__EXTRACTED DATA__:
= Beginning of Section =
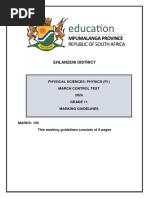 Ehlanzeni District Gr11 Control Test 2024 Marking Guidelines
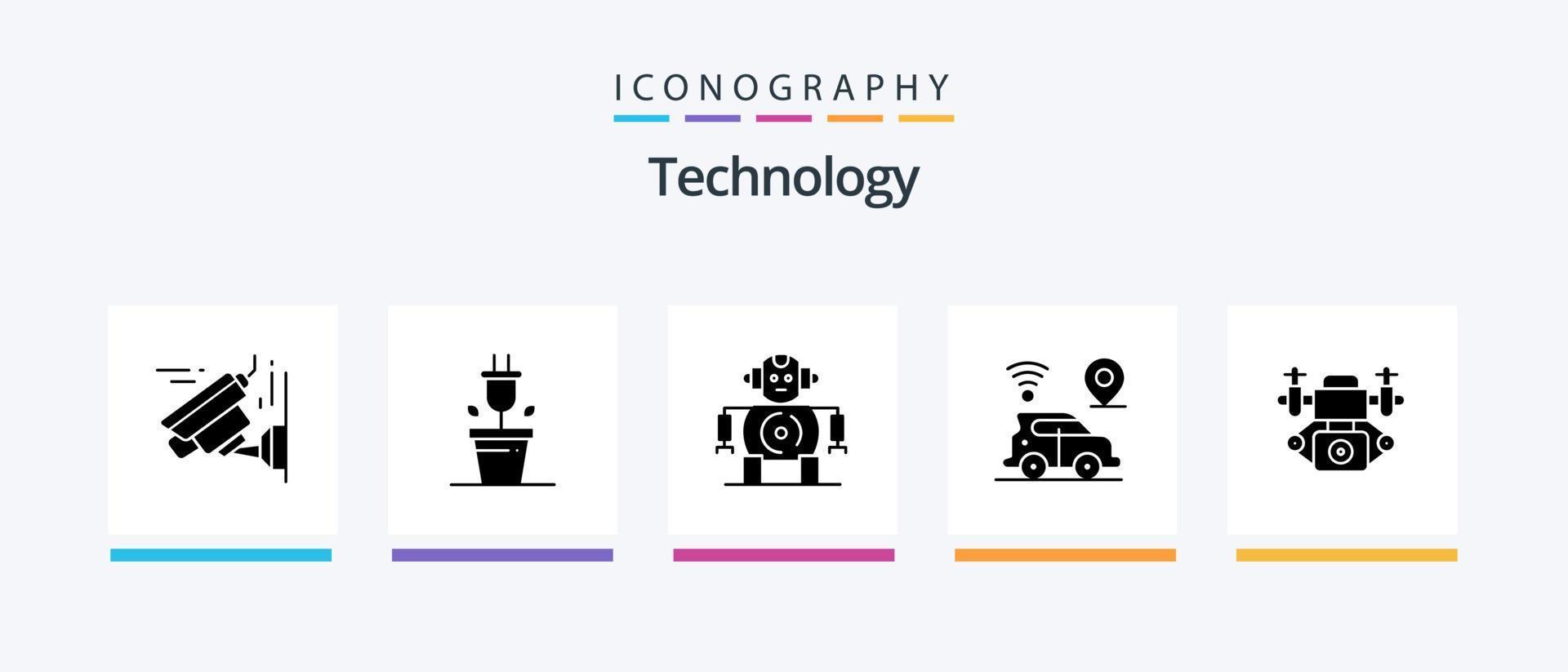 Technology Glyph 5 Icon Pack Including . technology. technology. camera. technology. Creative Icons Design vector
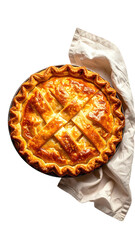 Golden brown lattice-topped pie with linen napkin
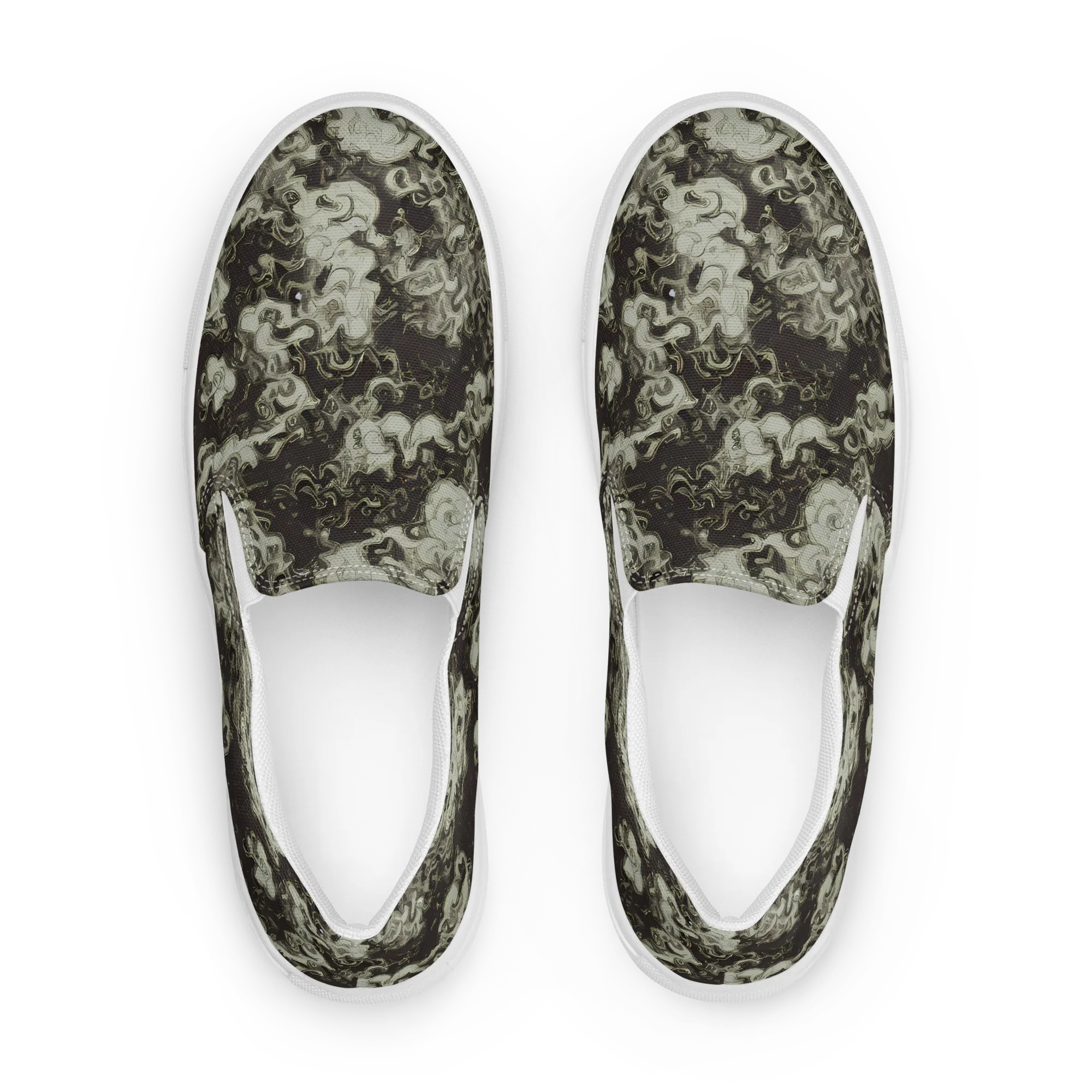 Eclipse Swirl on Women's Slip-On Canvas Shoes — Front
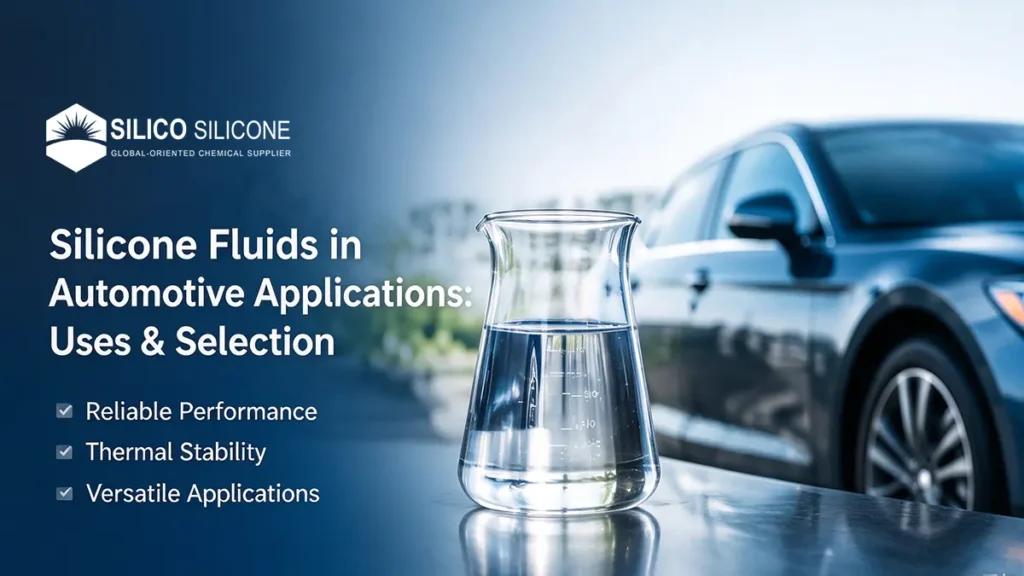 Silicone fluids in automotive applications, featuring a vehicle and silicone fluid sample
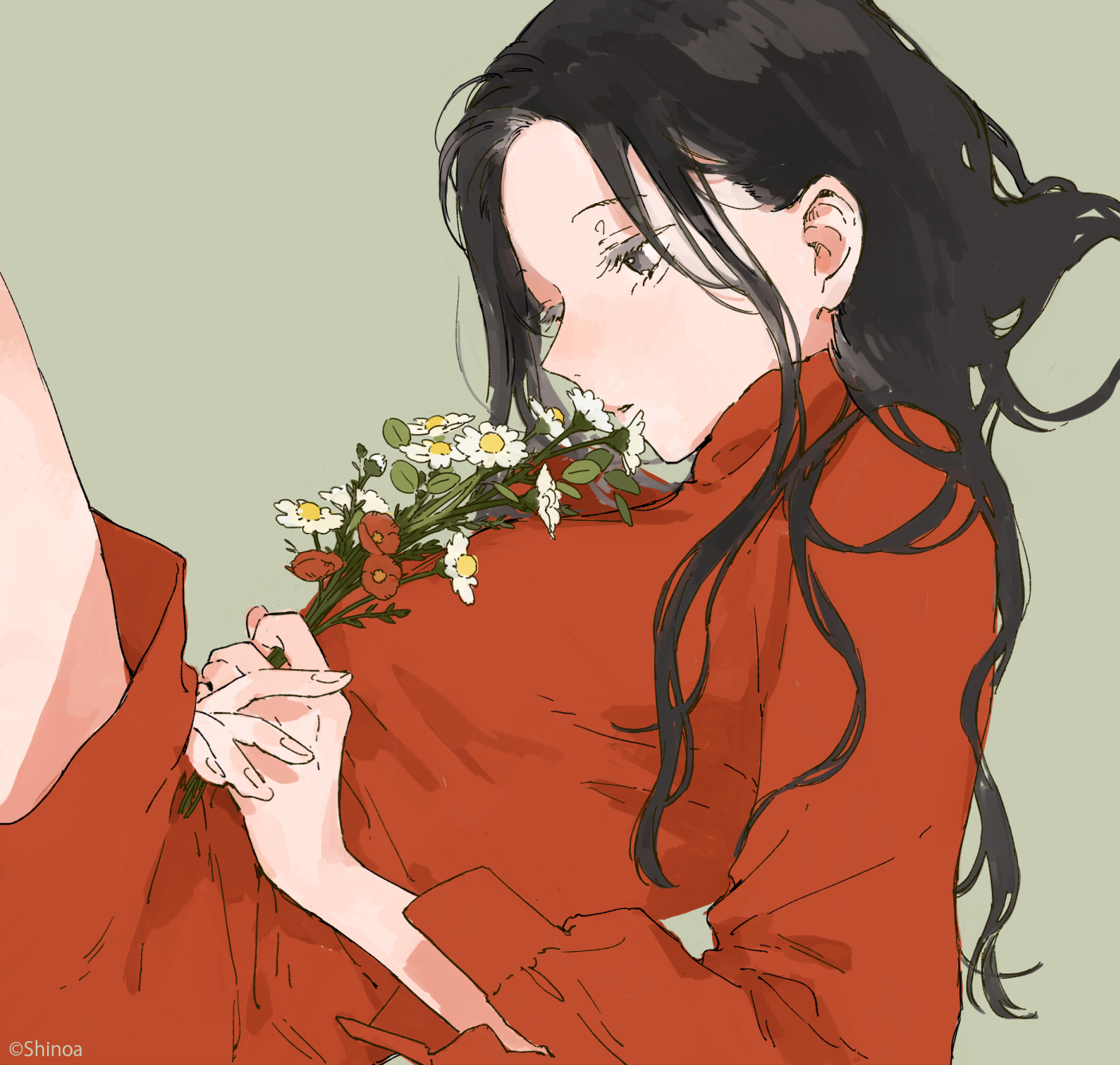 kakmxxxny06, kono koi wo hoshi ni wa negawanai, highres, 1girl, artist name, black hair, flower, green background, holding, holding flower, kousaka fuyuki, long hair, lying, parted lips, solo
= End of Section =
Reproduce, word for word, everything in the listing above except the pictures.

__WRITTEN RESPONSE__:
 Ehlanzeni District Gr11 Control Test 2024 Marking Guidelines
 Technology Glyph 5 Icon Pack Including . technology. technology. camera. technology. Creative Icons Design vector
 Golden brown lattice-topped pie with linen napkin
 Eclipse Swirl on Women's Slip-On Canvas Shoes — Front
 Silicone fluids in automotive applications, featuring a vehicle and silicone fluid sample
 kakmxxxny06, kono koi wo hoshi ni wa negawanai, highres, 1girl, artist name, black hair, flower, green background, holding, holding flower, kousaka fuyuki, long hair, lying, parted lips, solo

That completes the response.